Earlier this month, the European Commission reported that the EU was on track to get 20 percent of its electricity from renewable sources by 2020. (Some countries, like Germany and Austria, are flying past their targets; others, like Italy, have lagged behind.) But how much further could Europe go? A new report from PricewaterhouseCoopers finds that the continent could get all of its electricity from renewable sources by mid-century—although it would take a major upgrade to the electrical grid:
A "super-smart" grid powered by solar farms in North Africa, wind farms in northern Europe and the North Sea, hydro-electric from Scandinavia and the Alps and a complement of biomass and marine energy could render carbon-based fuels obsolete for electricity by 2050, said the report.
The goal is achievable even without the use of nuclear energy, the mainstay of electricity in France, it said. ...
Achieving all-renewables electricity will depend less on new technology than on revamping Europe's legal and regulatory framework, the report argued: "Most of the technical components are available in principle already today."
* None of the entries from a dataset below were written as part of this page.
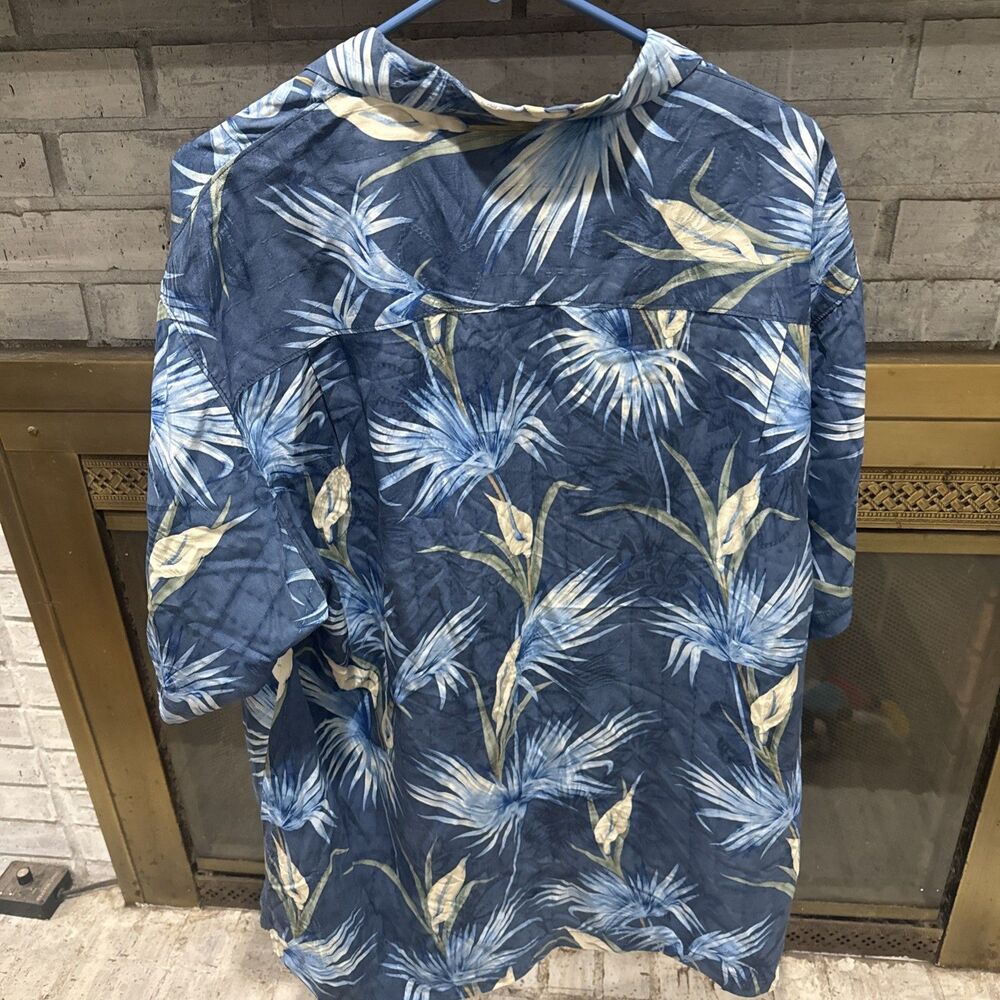Tommy Bahama Mens XL Silk Camp Shirt Blue Floral Tropical Short Sleeve - Picture 4 of 6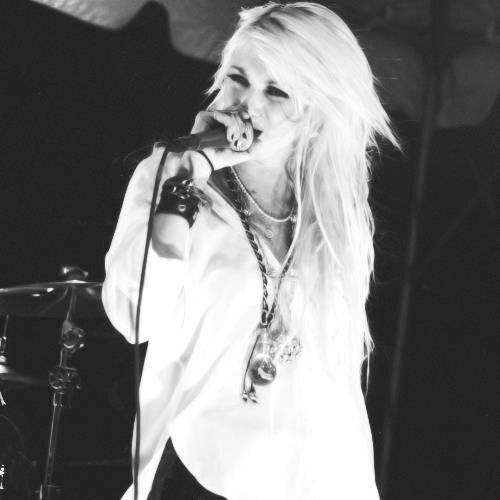 I'll never be good enough, you make me wanna die.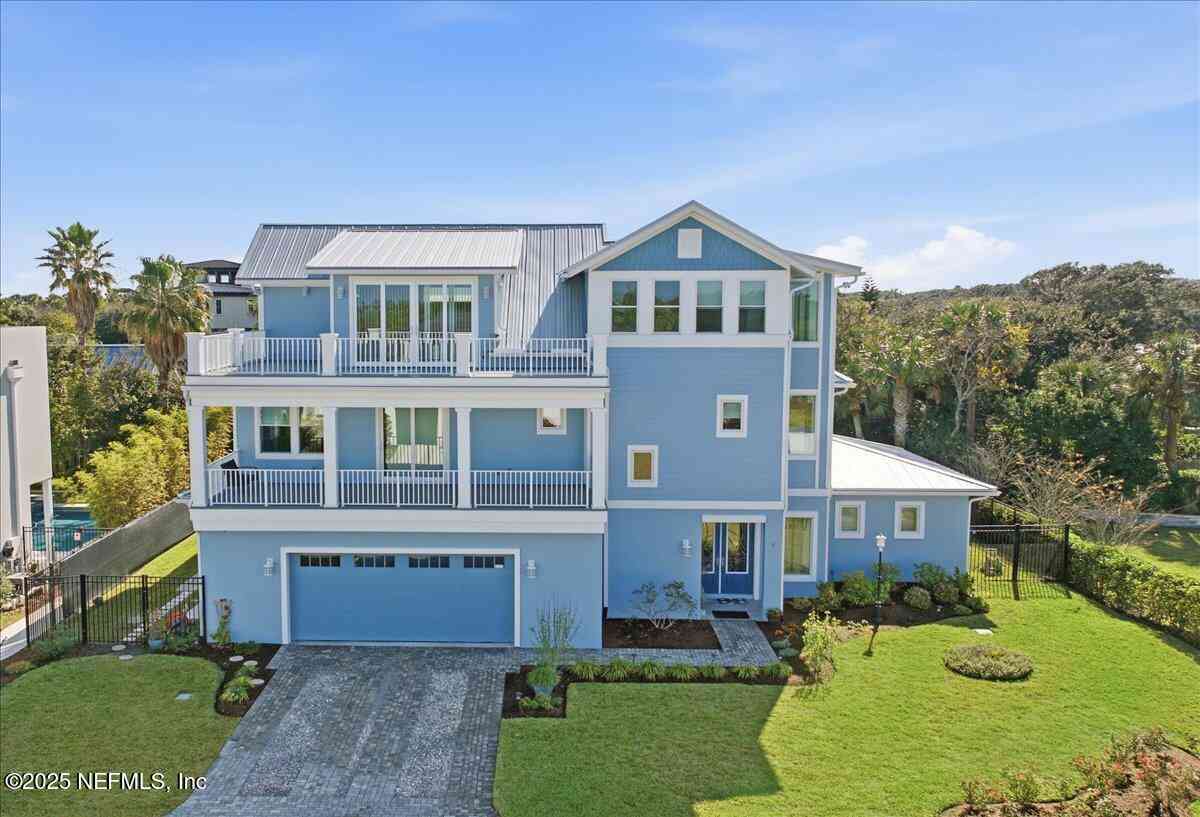 Homes For Sale - 4 Summer Court<br/> Jacksonville Beach, FL 32250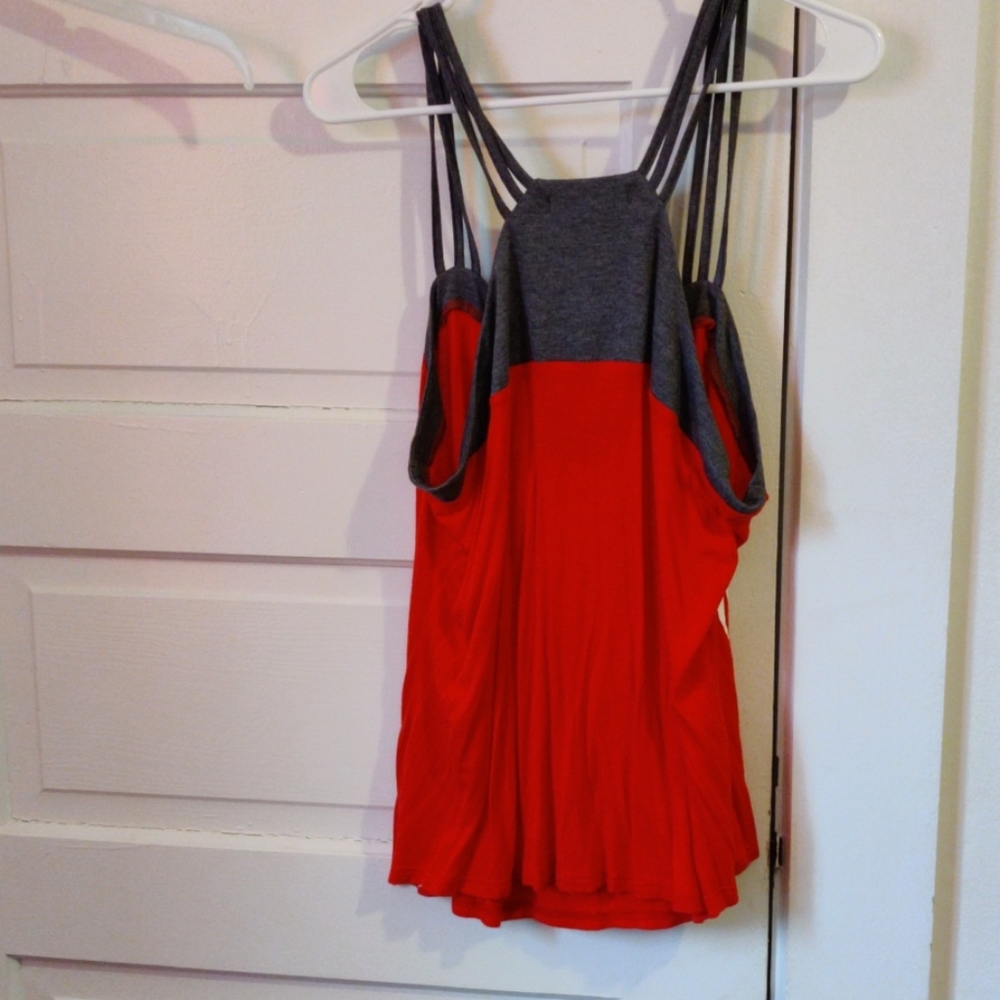 Tank top - Picture 2 of 2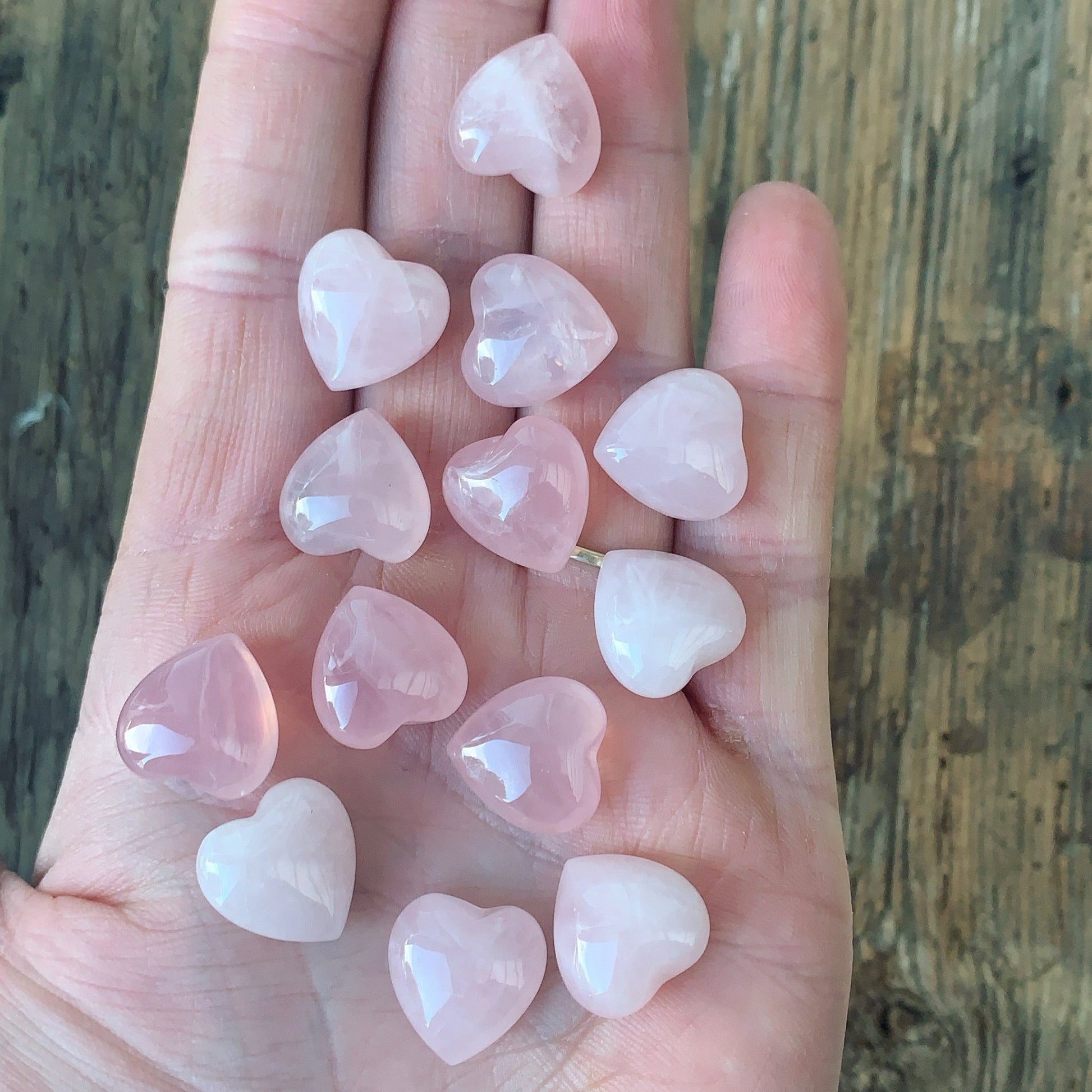 Tiny Rose Quartz Heart - Shiny Crystals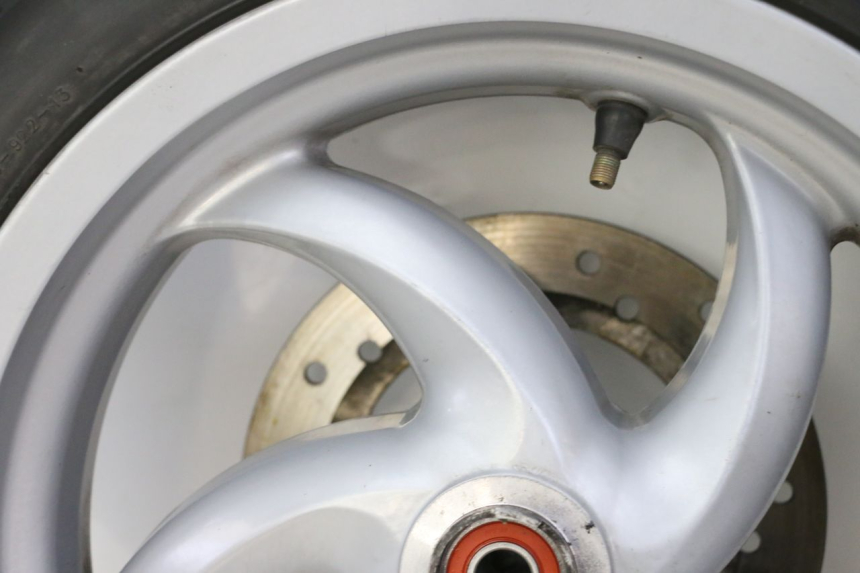 photo de LLANTA DELANTERA Y NEUMÁTICO PIAGGIO FLY 2T 50 (2004 - 2017) - Recambio usado revisado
Here's an earlier post on the Desertec proposal to put a bunch of concentrated solar plants in northern Africa and wire the electricity up to Europe. It's feasible, though not easy—the PWC report notes that the project would depend on unifying the European power market and then integrating it with North Africa's. Then again, that doesn't sound like that much more of a headache than the alternative: Under a variety of business-as-usual scenarios, the EU's projected to import about 70 percent of its energy by 2050, including loads of natural gas from Russia, which hasn't always been the most stable of suppliers. So the EU has plenty of reasons beyond climate change to want to decarbonize.